A roof terrace with trees, glass lifts and a transparent facade: the inner-city Ikea branch is clearly different from the big megastores on the outskirts. “We want to get closer to the customer,” said Alpaslan Deliloglu, Country Manager at Ikea Austria, outlining the concept. Thanks to a hotel as a sub-tenant and the terrace, which is also freely accessible outside of opening hours, the house should also attract non-customers.
More than a million customers expected
The urban shopping experience itself should not differ significantly from the usual process, as was emphasized today. The entire range is available, but only the smaller parts can be taken away. The rest of the offer will be delivered within 24 hours. On request, the purchase can also be made available at pick-up stations.
Deliloglu said they want to receive more than a million customers a year on outer Mariahilfer Strasse. Work in the building, in which around 140 million euros will be invested, continues despite the challenges of the pandemic, as project manager Sandra Sindler-Larsson reported. A corresponding safety concept has been drawn up for the people working on the construction site.
Facade ready in March
The facade should be closed by March next year. How it currently looks inside was shown today at least by means of a virtual tour. The scenery, however, differs little from other construction sites, and nothing of the interior design can be seen yet. However, the French hotel chain, which will rent two of the seven floors, gave a first glimpse of the rooms – which were set up elsewhere for test purposes.

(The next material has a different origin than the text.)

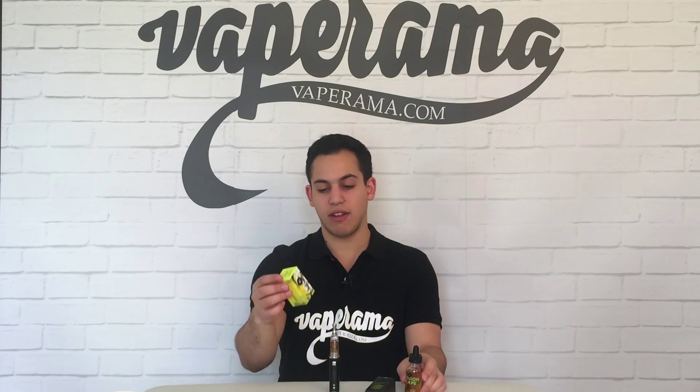Dragonscape is a 70-30 VG-PG mix — that is 70 VG and 30 PG — and the flavours are a blend of Indian spice, Asian tea, Belgian coffee, and English custard.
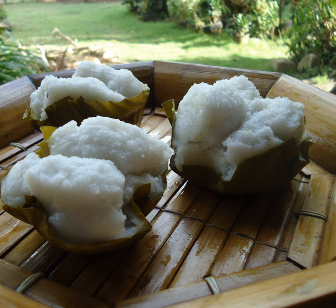Modern variants of puto may also use nontraditional ingredients like ube, purple yam, vanilla, or chocolate. Notable variants of puto, as well as other dishes classified as puto, include the following.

The partner is the “Jo & Joe” brand belonging to the Accor Group. 345 beds are to be available in Vienna – the first branch outside France. You only partially rely on classic rooms. The hostel system with shared bedrooms is also used. The prices there start at 25 euros, and around 80 euros are due for overnight stays in a private room, explained company representative Francois Leclerc.
In general, business for Ikea is going well in this country, affirmed Austria boss Deliloglu. The group had recently announced that the revenue losses caused by the first lockdown could more than be made up. Now they are betting on the Christmas business. “The expectations are high here,” says Deliloglu. The fact that your own four walls are more important this year than ever before could be helpful – because this year you can only spend the festival at home.